Tetapi, lagu itu cukup mellow diputar di siang yang terik seperti ini. Inti lagu memang bagus sih. Seseorang yang selalu memberikan cinta pada orang lain walau cinta itu tak pernah ditanggapi dan dibalas. Apalagi lirik yang ini ‘I’d go hungry, I’d go black and blue’, ‘I’d go crawling down the avenue’, ‘No, there’s nothing that I would’n do’, dan ‘To make you feel my love’. Artinya, aku rela menahan lapar, aku rela kesakitan, aku rela merayap di jalan, semua rela kulakukan, agar kau merasakan cintaku. Mendadak aku merasa perasaan. Apa benar dia menyukaiku?
“Aku punya saudara rahasia,” kata Arvan lesu, tadi setelah bel pulang sekolah berdenting.
“Hah? Maksudnya papamu nikah lagi gitu?” ceplosku yang membuatnya cemberut.
“Dih, Ara. Mungkin maksudnya Arvan bukan anak papa dan mamanya,” timpal Iben yang membuat Arvan makin cemberut. Dia merangkul kami tetapi langsung kulepas. Gak suka disentuh cowok lain selain papa!

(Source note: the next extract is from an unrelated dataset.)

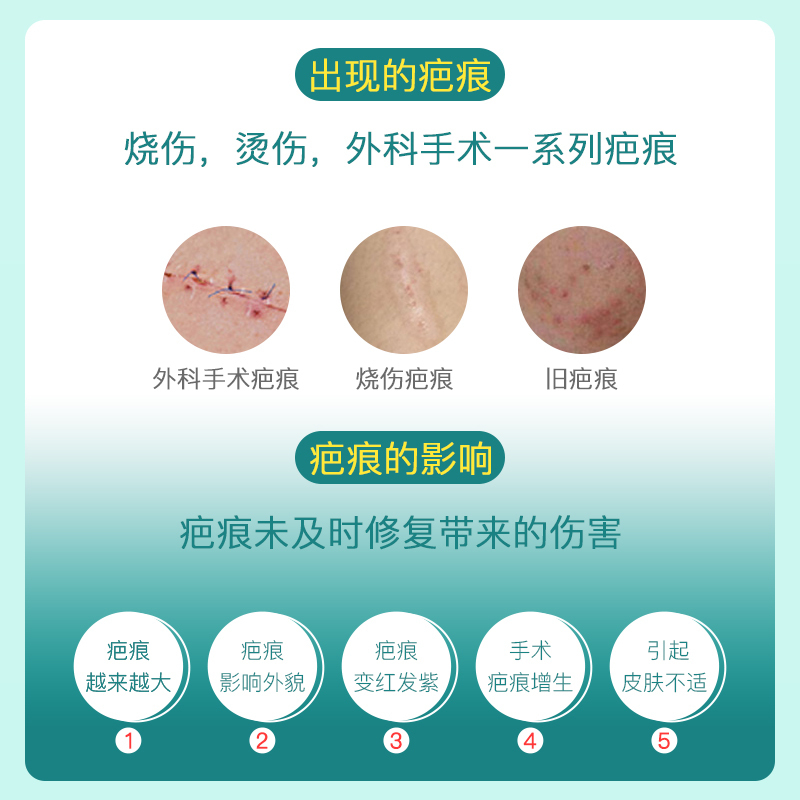 素美颜疤痕修复剂疤膏儿童疤痕贴剖腹产手术烫伤膏硅酮疤痕凝胶双眼皮疤痕膏去疤痕膏面部祛疤膏 1盒(体验装)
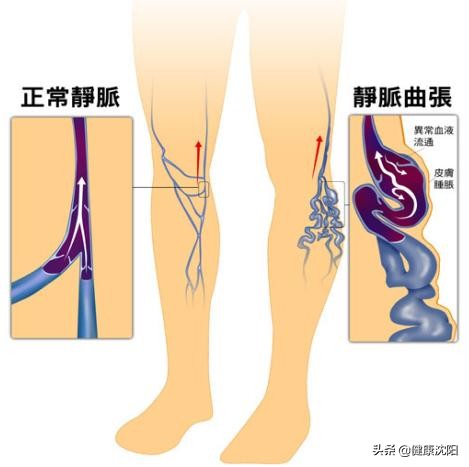 山东开展chiva治疗静脉曲张,chiva是微创治疗静脉曲张吗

“Gini ya Sohibku yang agak oon, aku punya rahasia kelahiran yang baru kutahu sekarang. Hal itu pula yang bikin rumahku geger kemarin. Papa jujur semuanya dan mama marah tak karuan. Kalian tahu kan betapa seremnya mamaku,” ucap Arvan setengah berbisik. Hatiku makin deg-degan. Apaan sih maksudnya?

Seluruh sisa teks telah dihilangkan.